■ **YOUR GOAL**
Omit the images and reproduce the rest of the entries exactly.

%%

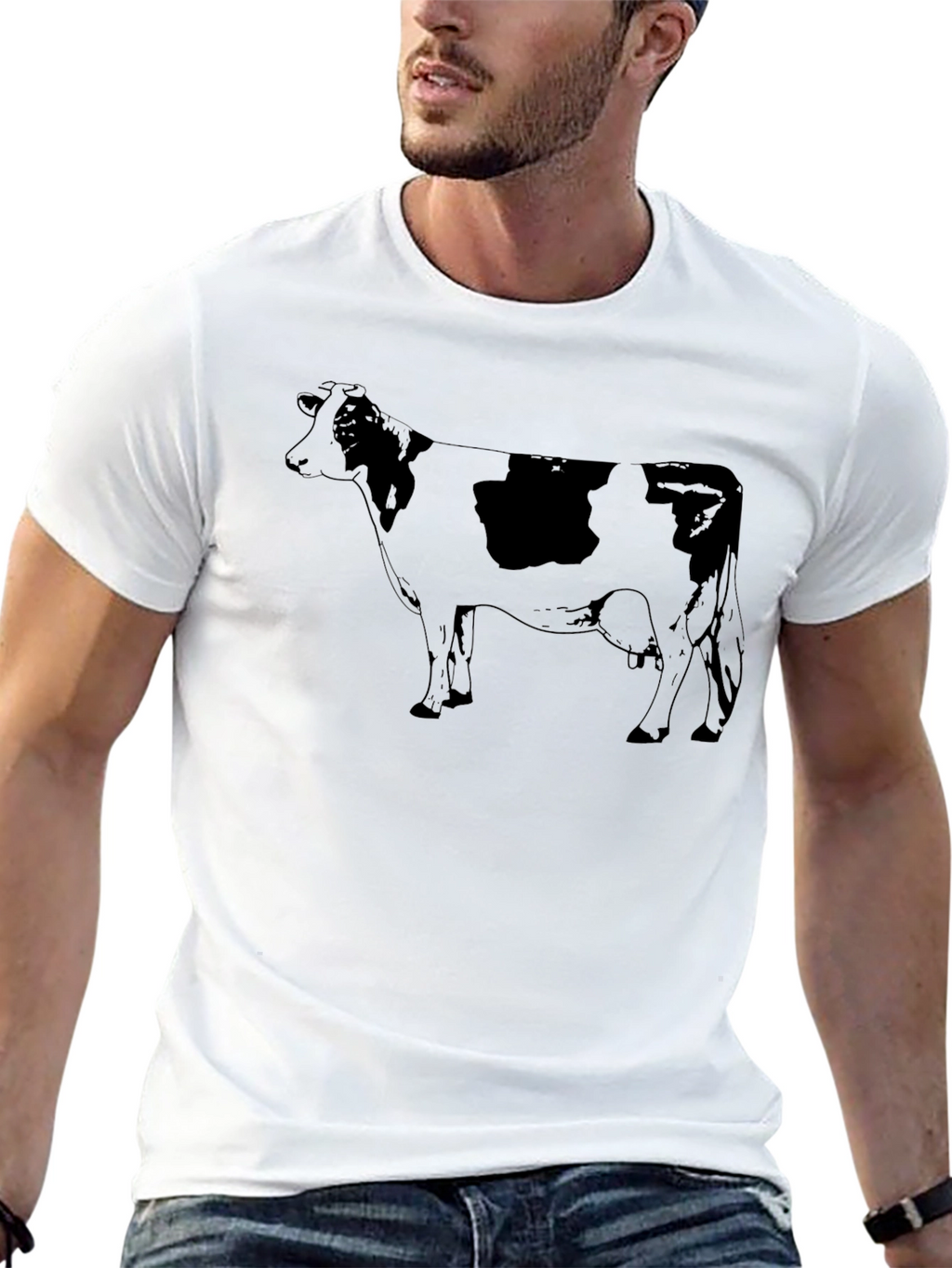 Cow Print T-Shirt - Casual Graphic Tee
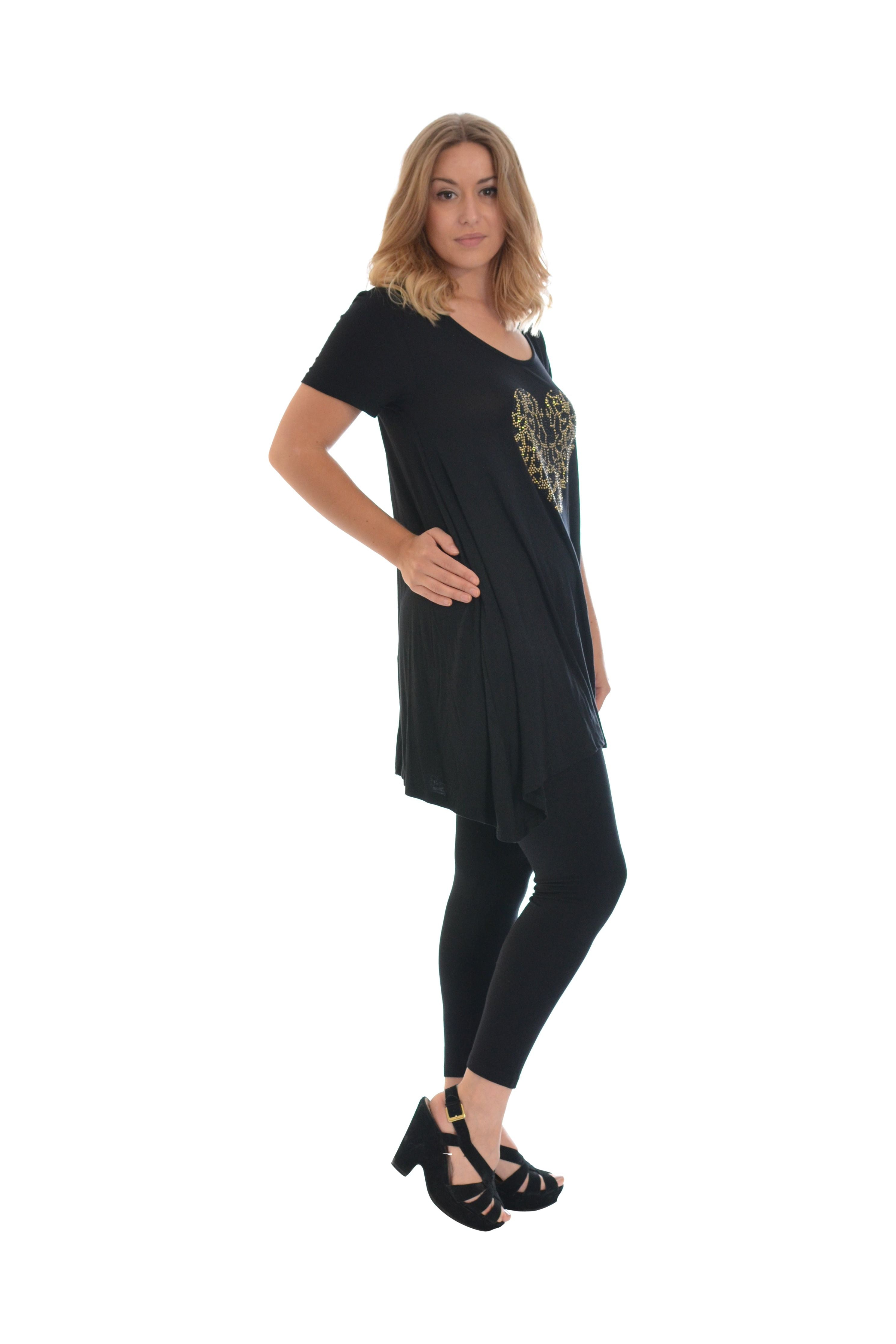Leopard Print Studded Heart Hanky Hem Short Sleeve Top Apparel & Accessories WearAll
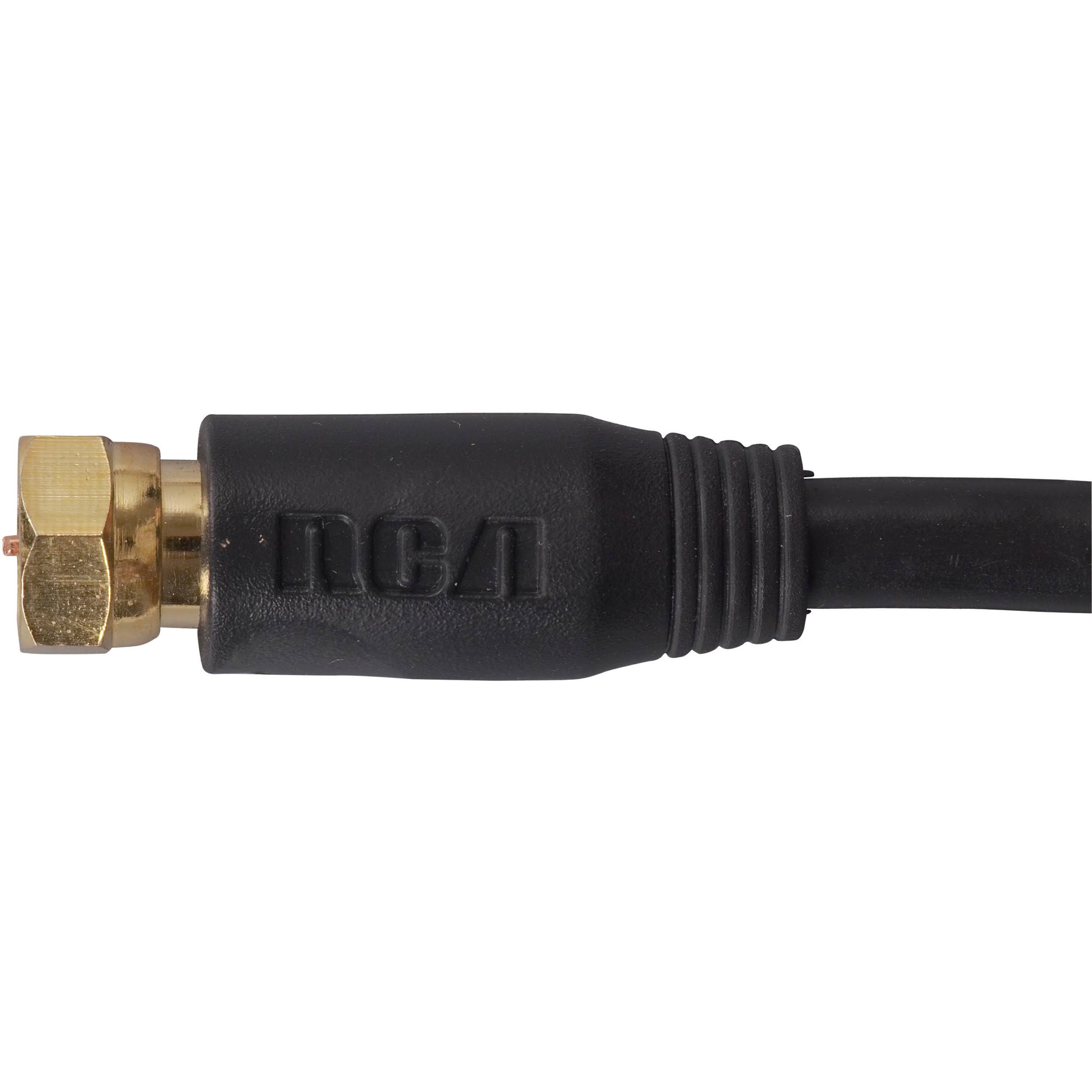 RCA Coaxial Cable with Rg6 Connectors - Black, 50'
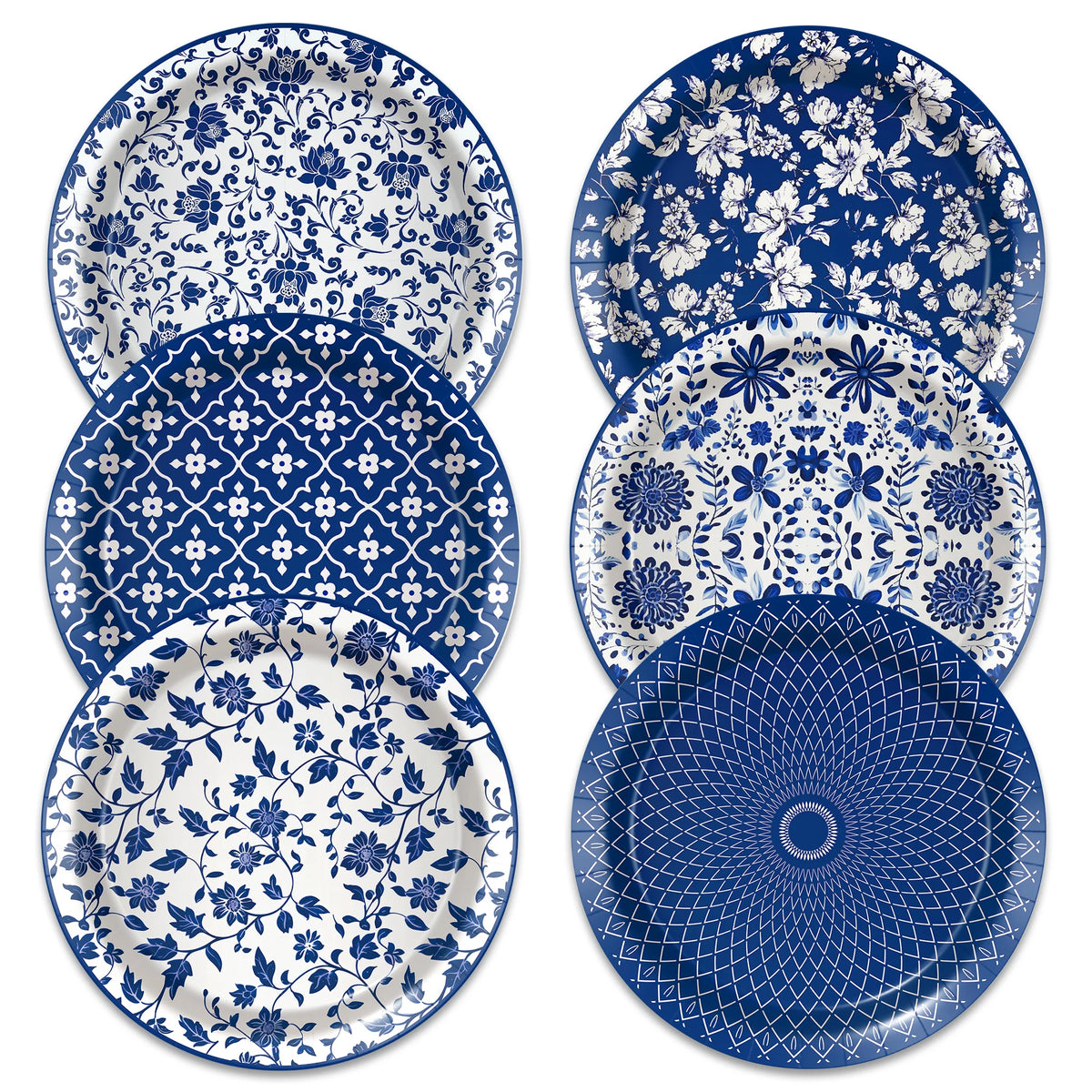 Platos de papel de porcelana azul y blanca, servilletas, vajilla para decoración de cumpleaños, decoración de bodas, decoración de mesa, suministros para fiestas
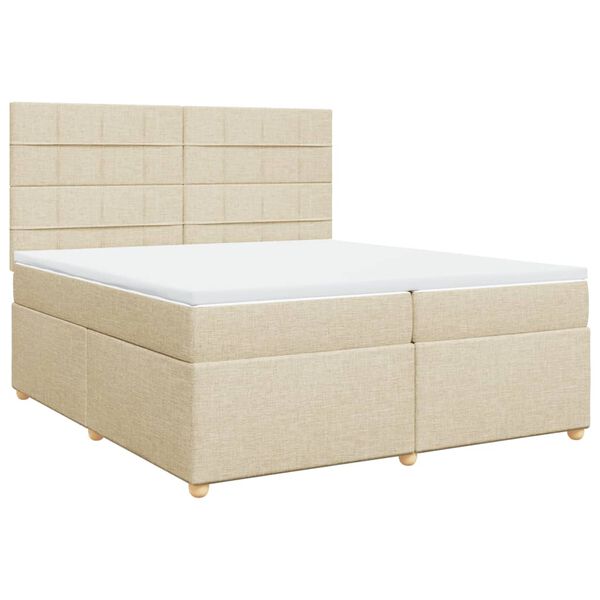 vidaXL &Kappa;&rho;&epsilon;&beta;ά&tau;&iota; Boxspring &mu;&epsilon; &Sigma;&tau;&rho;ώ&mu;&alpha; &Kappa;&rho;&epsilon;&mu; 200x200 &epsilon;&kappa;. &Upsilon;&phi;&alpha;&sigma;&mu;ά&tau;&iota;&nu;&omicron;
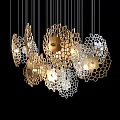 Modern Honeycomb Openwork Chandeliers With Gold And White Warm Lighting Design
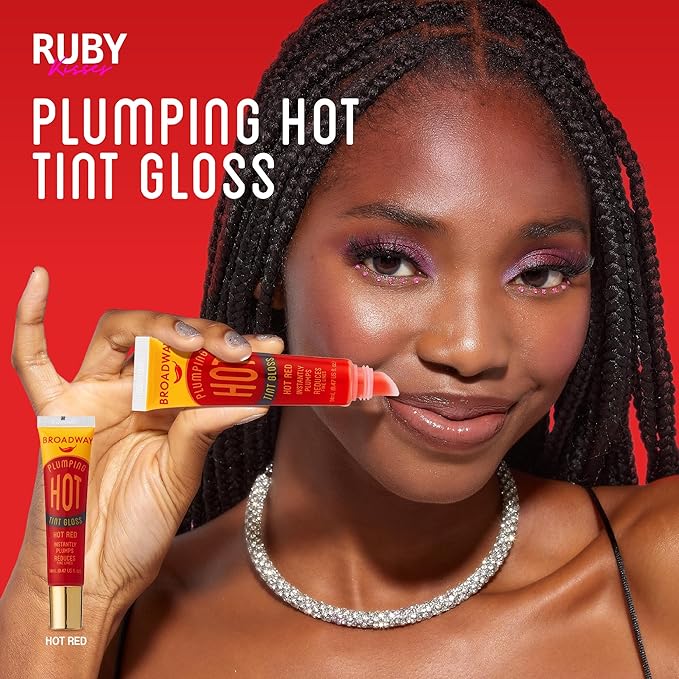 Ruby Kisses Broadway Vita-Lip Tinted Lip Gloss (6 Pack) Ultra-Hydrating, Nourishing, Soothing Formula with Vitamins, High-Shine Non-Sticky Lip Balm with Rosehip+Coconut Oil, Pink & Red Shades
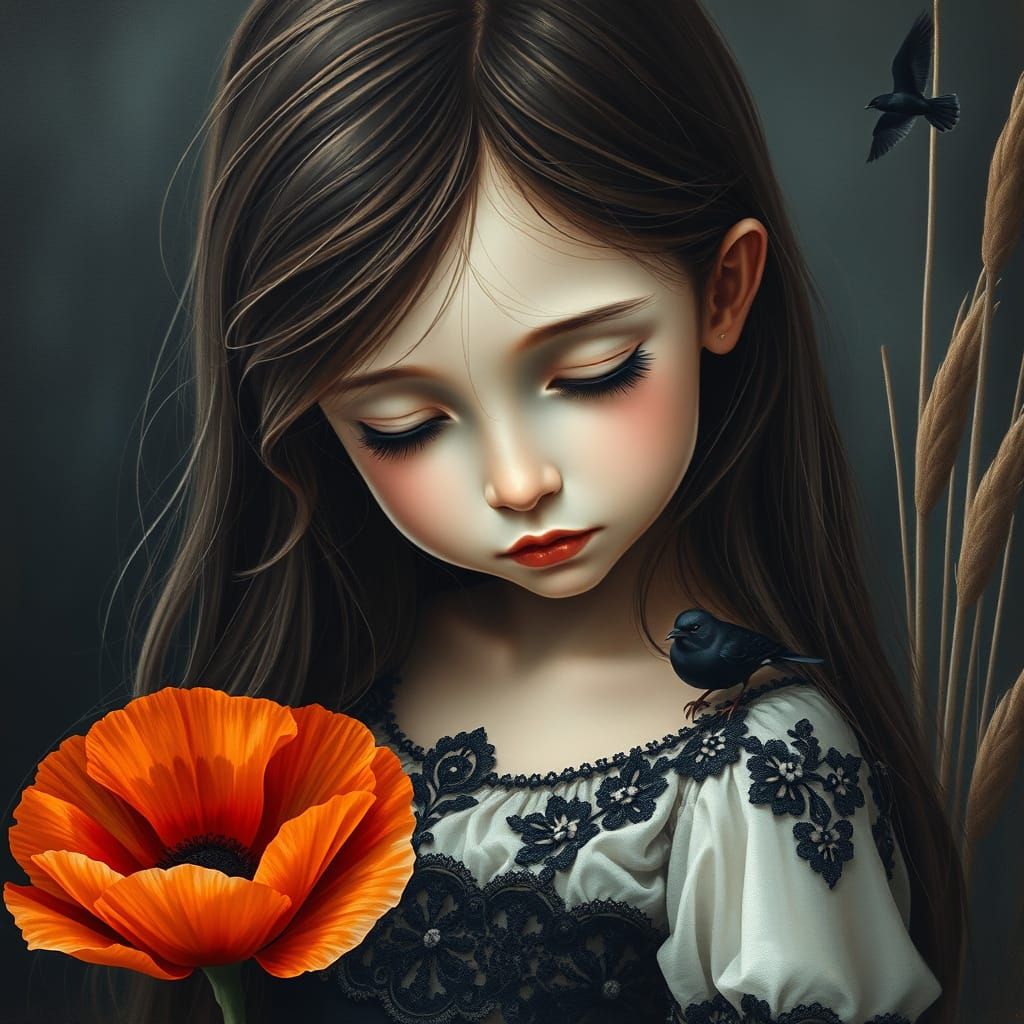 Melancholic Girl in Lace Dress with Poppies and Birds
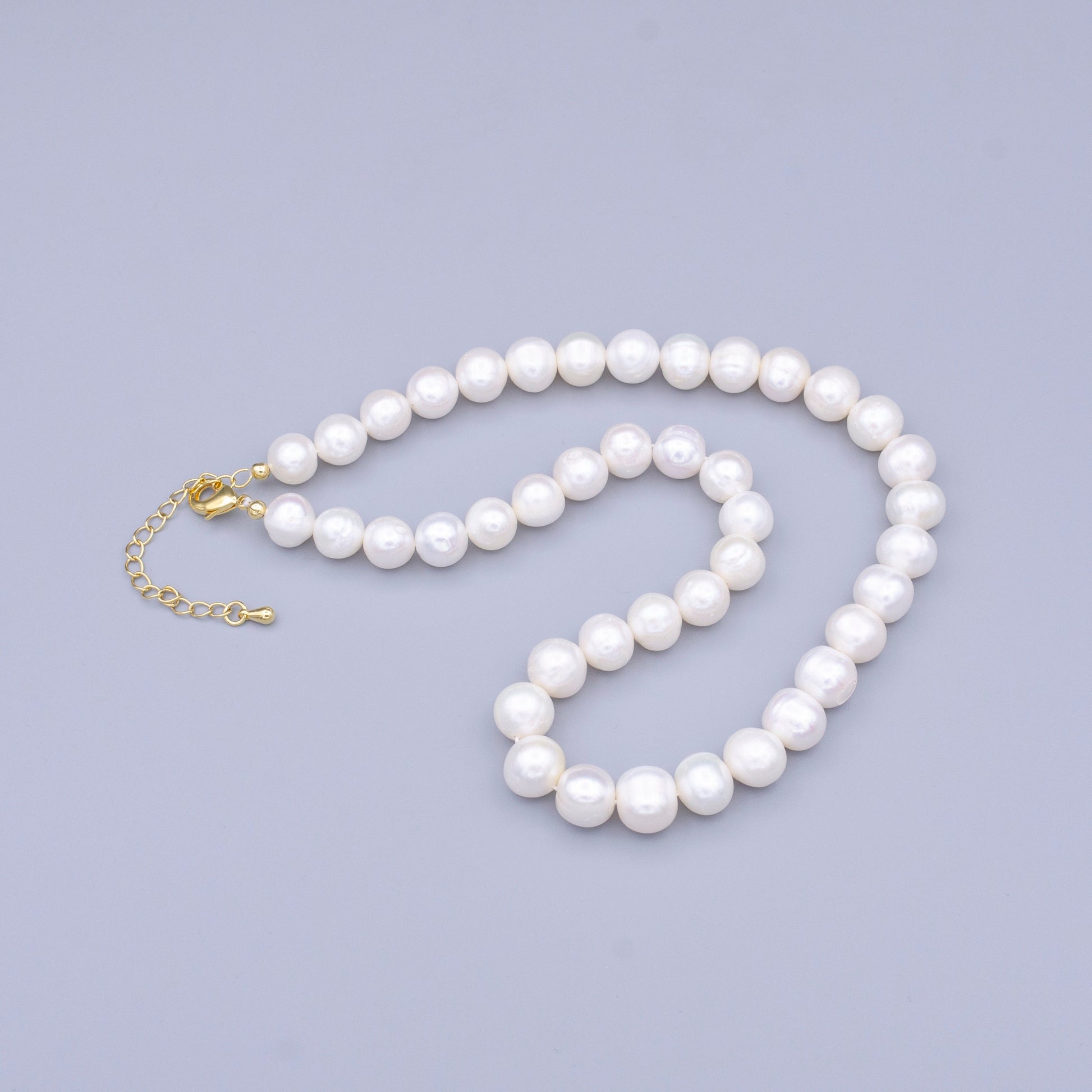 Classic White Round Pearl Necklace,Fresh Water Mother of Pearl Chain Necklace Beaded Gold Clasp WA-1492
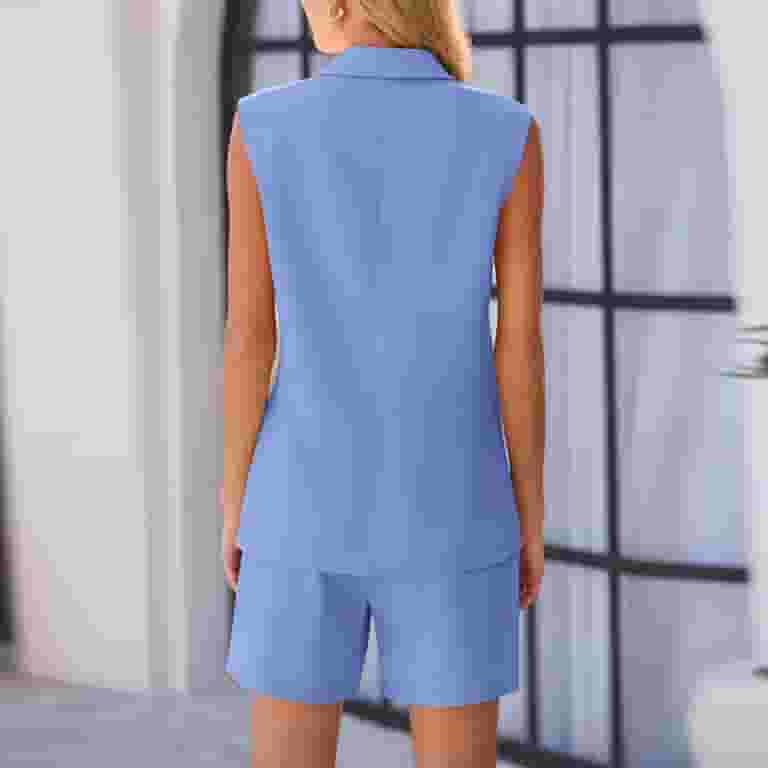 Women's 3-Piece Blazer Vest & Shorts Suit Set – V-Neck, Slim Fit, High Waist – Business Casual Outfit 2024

%%

■ **COMPLETED TASK**
 Cow Print T-Shirt - Casual Graphic Tee
Leopard Print Studded Heart Hanky Hem Short Sleeve Top Apparel & Accessories WearAll
 RCA Coaxial Cable with Rg6 Connectors - Black, 50'
 Platos de papel de porcelana azul y blanca, servilletas, vajilla para decoración de cumpleaños, decoración de bodas, decoración de mesa, suministros para fiestas
 vidaXL &Kappa;&rho;&epsilon;&beta;ά&tau;&iota; Boxspring &mu;&epsilon; &Sigma;&tau;&rho;ώ&mu;&alpha; &Kappa;&rho;&epsilon;&mu; 200x200 &epsilon;&kappa;. &Upsilon;&phi;&alpha;&sigma;&mu;ά&tau;&iota;&nu;&omicron;
 Modern Honeycomb Openwork Chandeliers With Gold And White Warm Lighting Design
 Ruby Kisses Broadway Vita-Lip Tinted Lip Gloss (6 Pack) Ultra-Hydrating, Nourishing, Soothing Formula with Vitamins, High-Shine Non-Sticky Lip Balm with Rosehip+Coconut Oil, Pink & Red Shades
 Melancholic Girl in Lace Dress with Poppies and Birds
 Classic White Round Pearl Necklace,Fresh Water Mother of Pearl Chain Necklace Beaded Gold Clasp WA-1492
 Women's 3-Piece Blazer Vest & Shorts Suit Set – V-Neck, Slim Fit, High Waist – Business Casual Outfit 2024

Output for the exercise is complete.